The second is that the underlying reason for the repeated failure to hit the targets is not the unwillingness of local councils to grant planning permission because of pressure from hordes of NIMBY boomers. At the moment there are around a million permissions for homes granted, but where no home has been built. In other words, we could meet the 300,000 a year ambition for the rest of this Parliament and beyond without granting a single extra planning permission.
Instead of blaming councils, we should look at the failure of the current regime to incentivise developers to build once they have received permission. It’s much more profitable to build up an increasingly valuable land bank than to flood the local market with new homes in a short space of time. So permission should be time-limited or become increasingly and painfully expensive over time if the option to build is not exercised. If we instituted this measure, it would do more to help young people become homeowners than anything proposed by the target-obsessed.
The third is that a central target cannot recognise the different pressures in different parts of the country. National averages for house prices are meaningless in the real world because the same house will be many times the price on the outskirts of Sevenoaks as the outskirts of Sunderland. This is precisely why we need local decisions, expressed in local plans, about the scale of development needed in each area. What we also need is a redoubling of effort on Levelling Up – which is after all what this Bill is supposed to be about. If the opportunities to get ahead and do well were better spread around the country the housing pressures in London and the South East would be eased.

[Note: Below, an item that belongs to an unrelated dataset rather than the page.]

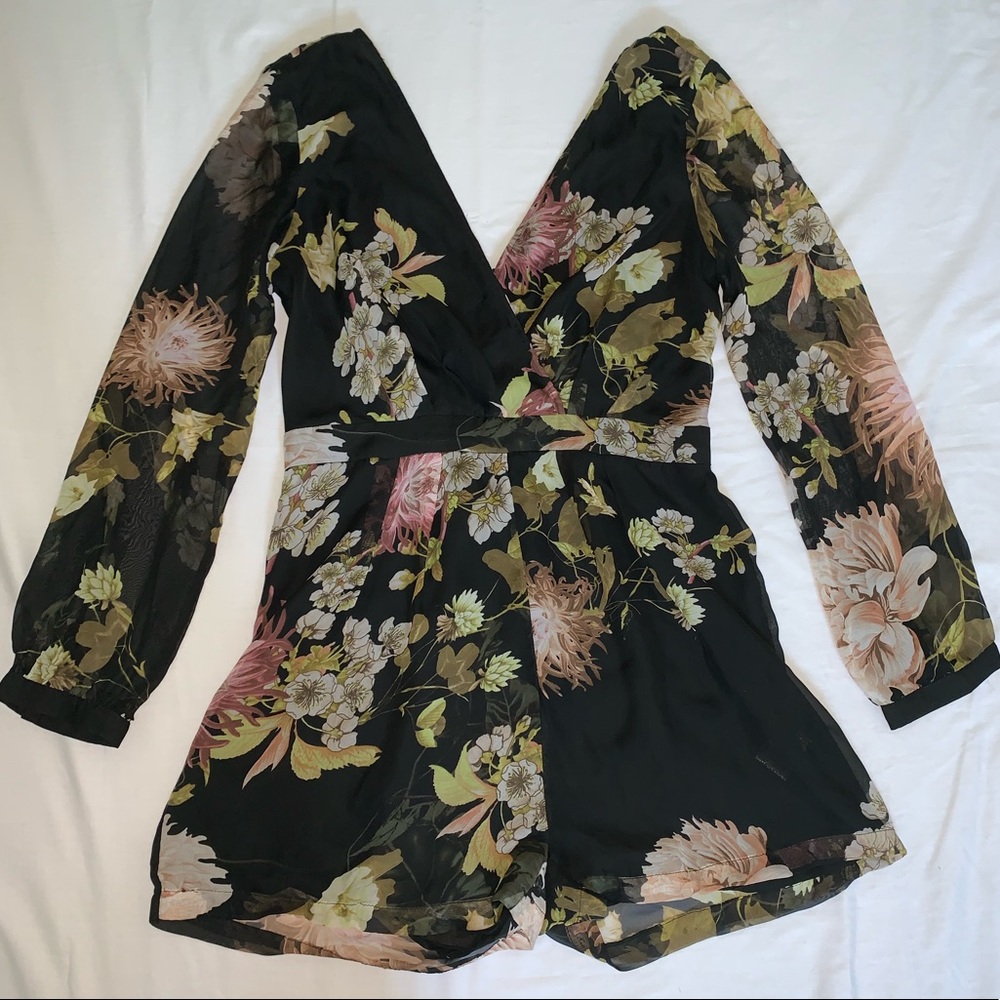 Long Sleeved Floral Romper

Other amendments which are in the line of fire recognise these local differences, including ones which recognise that in holiday areas the vast majority of new properties are immediately sold as second homes or holiday lets, meaning that local people never see the benefit. This is a burning issue in Devon and Cornwall, and in the Lake District, but of little interest elsewhere. And therefore ia good illustration that all planning is local – just as all politics is said to be.
I do not resile from my support for these amendments. They would promote a planning system in which responsible local councils would propose realistic targets for their area, and would have the means both to promote housebuilding in the right places, and resist it where it is not wanted. If we can achieve that, we can take the heat out of the debate, and we can all be friends again.